My Green Goddess Bowl: A Simple, Satisfying Meal

As a busy working mom, finding time to cook healthy, delicious meals can feel like a Herculean task. Between juggling work deadlines, school pick-ups, and keeping the house somewhat tidy, the last thing I want is to spend hours in the kitchen. That’s why I’ve fallen head over heels for quick, nutritious recipes, and this Green Goddess Bowl is a perfect example. It’s packed with flavor, textures, and nutrients, and it’s ready in under an hour – a lifesaver on those crazy weeknights!

The beauty of this bowl lies in its simplicity. You can easily adjust it to your liking, using whatever vegetables you have on hand. I love the combination of roasted Brussels sprouts and zucchini – the slight char from the oven adds a wonderful depth of flavor.
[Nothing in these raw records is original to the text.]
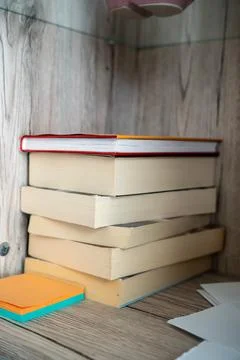 Vertical stack of worn books standing against a wooden panel wall in a cozy Stock Photos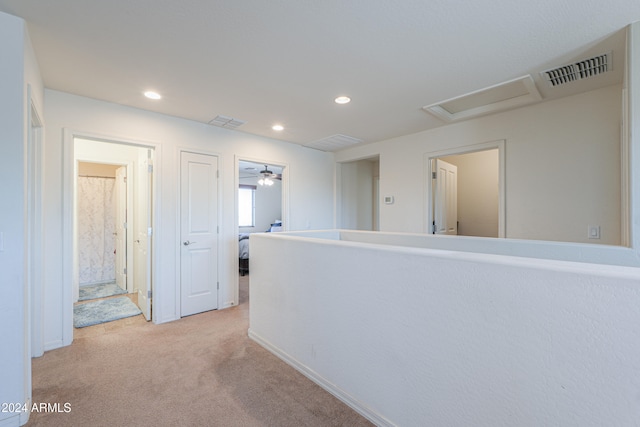 hallway with light colored carpet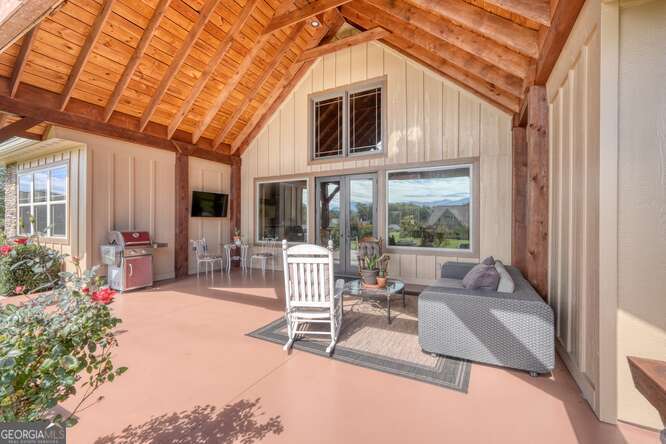 85 Minstead Ridge Young Harris, GA 30582 - Photo 9 of 50 a building outdoor space with patio furniture and potted plants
The quinoa provides a hearty base, while the sautéed kale adds a welcome dose of greens. And let’s not forget the edamame – a protein-packed powerhouse that adds a delightful pop of color and texture. I typically use frozen edamame for convenience, but fresh works just as well.

One of my favorite things about this recipe is its versatility. It’s fantastic as a light lunch, a satisfying dinner, or even a healthy meal prep option. I often make a big batch on Sunday and have it for lunch throughout the week. The leftovers are just as delicious the next day, making it a perfect time-saving solution. And because it's so customizable, I can easily change things up depending on what's in season. In the summer, I love adding fresh corn or cherry tomatoes, while in the fall, some roasted sweet potatoes would be a fantastic addition.
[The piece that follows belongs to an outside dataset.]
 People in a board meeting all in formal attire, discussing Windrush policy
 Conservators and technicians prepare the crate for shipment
The Dressing: A Key Ingredient

While the recipe itself is incredibly simple, the optional vegan creamy dressing is what takes this bowl to the next level. The right dressing can really elevate the overall flavor profile. I’ve experimented with a variety of dressings, and my current favorite is a simple avocado-based dressing. It’s creamy, flavorful, and adds a nice richness to the bowl. However, feel free to get creative and try different dressings – tahini dressing, a lemon-herb vinaigrette, or even a simple balsamic glaze would all work wonderfully.
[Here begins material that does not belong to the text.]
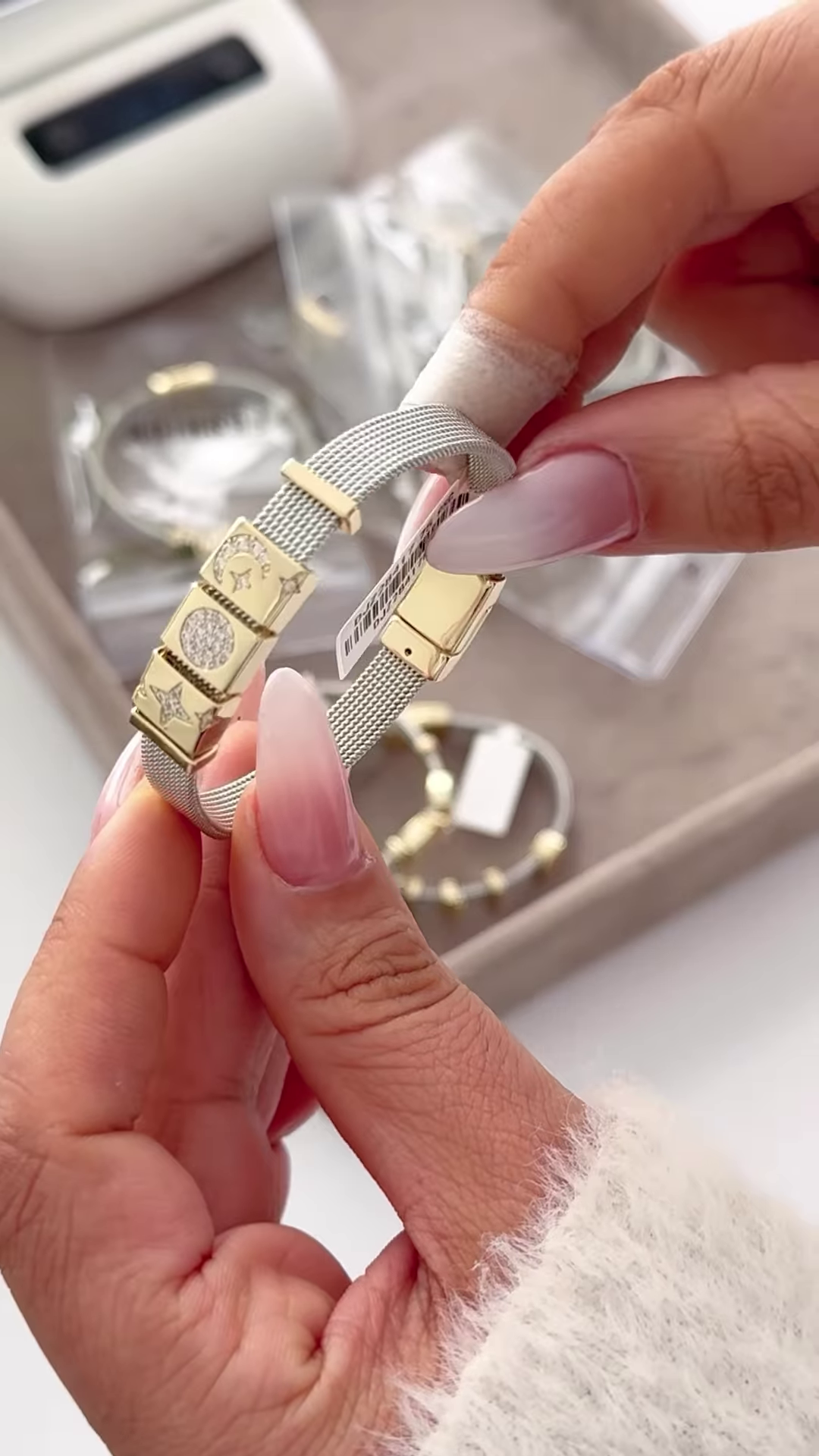 Elegant Silver-Toned Mesh Bracelet with Gold Accents and Crown Charm - Image 2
Beyond the Bowl: A Healthy Lifestyle Choice

This Green Goddess Bowl is more than just a meal; it’s a testament to the power of healthy eating. It’s a simple, satisfying way to nourish my body and fuel my busy life. Incorporating more plant-based meals into my diet has made a noticeable difference in my energy levels and overall well-being. And the beauty of it all is that it doesn't have to be complicated or time-consuming. This recipe is proof of that.

Tips and Variations:

  • Roast your vegetables ahead of time: You can roast the Brussels sprouts and zucchini the day before and store them in the fridge, making weeknight meal prep a breeze.
  • Add some protein: For extra protein, consider adding grilled chicken, tofu, or chickpeas to your bowl.
  • Get creative with the toppings: Add some toasted nuts, seeds, or dried cranberries for added texture and flavor.
  • Make it a complete meal: Pair this bowl with a side of whole-wheat bread or a simple salad for a more substantial meal.

This Green Goddess Bowl is a testament to the fact that healthy eating doesn't have to be boring or time-consuming. With its simple ingredients, quick cooking time, and endless customization possibilities, it’s become a staple in my kitchen. I hope you enjoy it as much as I do!